The local bus company will soon be monitoring all aspects of their vehicles from the sky, using Global Positioning System (GPS).

The managing director of Seychelles Public Transport Corporation (SPTC), Mr Daniel Gappy, said on Monday October 13,  when he told Nation that the project will begin with the organisation's 20 buses on Praslin.

"From our offices on Mahe, we will be able to tell how much fuel there is on a particular bus, how many passengers have boarded at a given point and how many have disembarked, and how much money the driver has collected," Mr Gappy said. He was outlining the new measures that SPTC hopes to put in place soon to reduce abuse, increase efficiency and eliminate fraud. He was talking after the weekend announcement by Vice-President James Michel that the corporation had completed its investigations into the case where 21 drivers and three other SPTC staff members had been implicated in the loss of R800,000.
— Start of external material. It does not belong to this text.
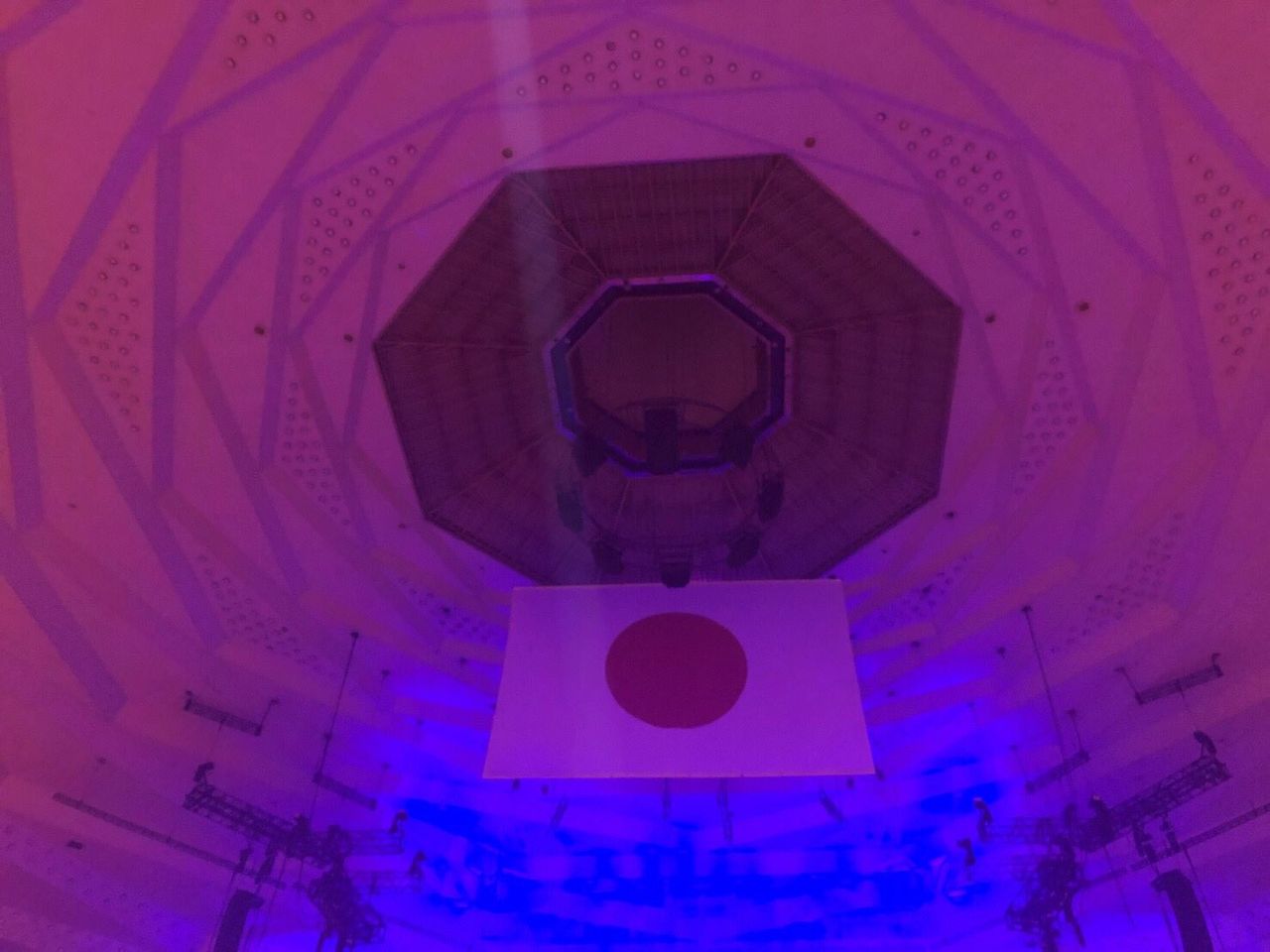 ネタバレ注意 水樹奈々ライブ Nana Mizuki Live Gate 18 日本武道館公演5日目 セットリスト とtwitterの反応 J Pop Now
Regarding the case, the director said that drivers were normally expected to take the computer modules from their automatic ticketing machines to the cashiers who read off the amount of revenue the driver had collected, whereupon they pay.
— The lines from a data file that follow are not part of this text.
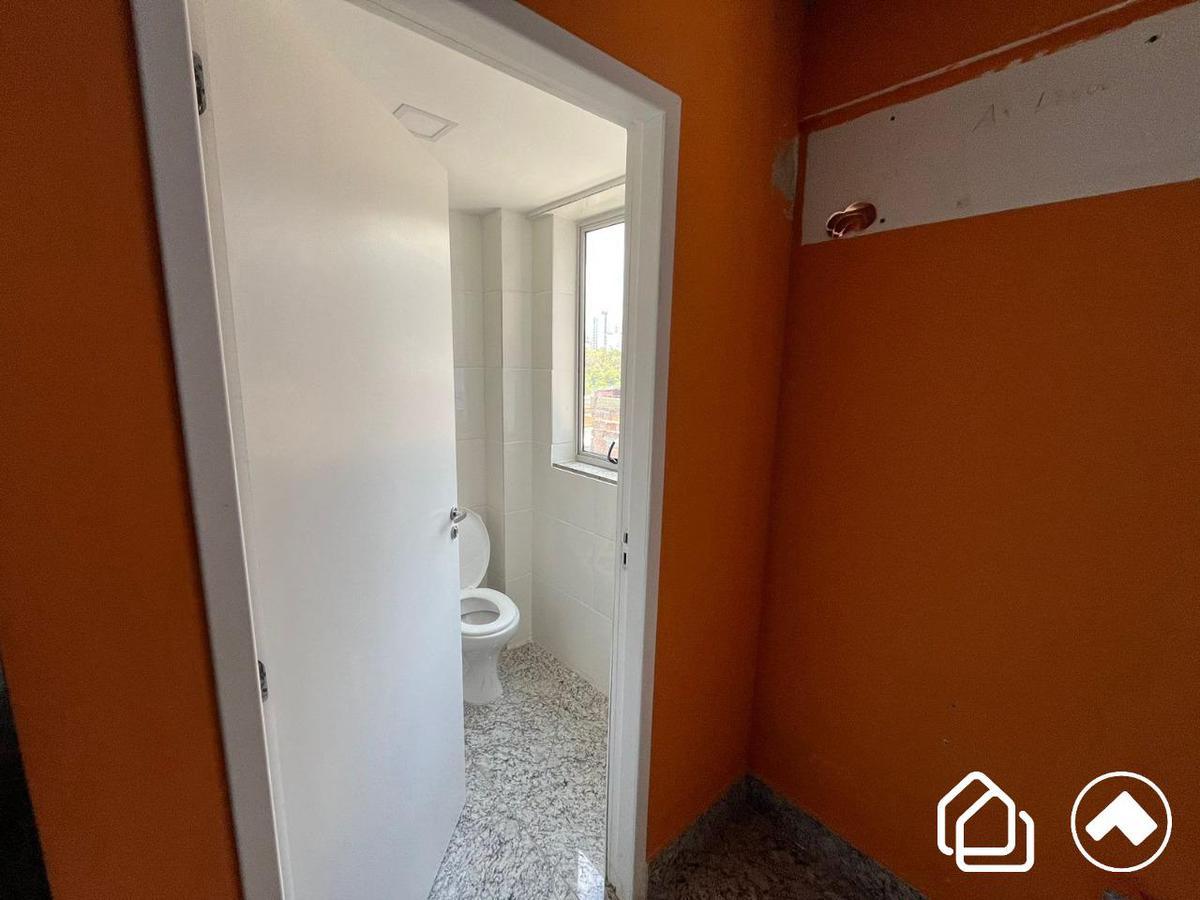Sala, Buritis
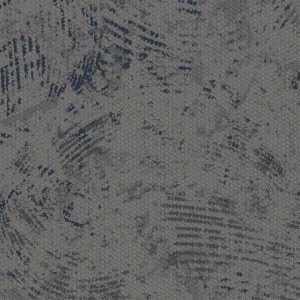 PISO TEXTIL TEJIDO KINETEX CHINOOK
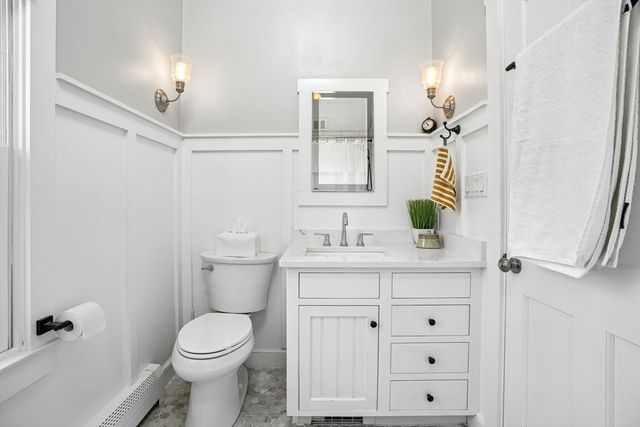 12 Hawley Rd, Scituate, MA 02066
"But what the 21 did in or before June this year, was that they took the modules to a scheduling clerk who erased the amount of money the computer showed had been collected," he said, but added that when they called in an expert from South Africa, he was able to immediately "crack" the case by checking on the computers' "activities" records.

He said SPTC had started the process of recovering the money through their lawyer from the 24, all of whose services have been terminated.

"The police are also still conducting their own investigations and it is expected they will separately charge the sacked workers for their fraud," he said.

13 of the drivers in fact confessed that they had been involved in fraud, according to Mr Gappy.

On the GPS monitoring, the director said if the project proved successful on Praslin, it would be introduced on the corporation's 180 buses on Mahe.

"It will also help schedule the buses better," he said, giving as an example a situation where several buses would be "batched" together.

"Since we will know the number of passengers on board each vehicle, we should be able to tell a driver to transfer, say his only eight passengers, to a nearby bus and commence operations on another schedule," Mr Gappy said.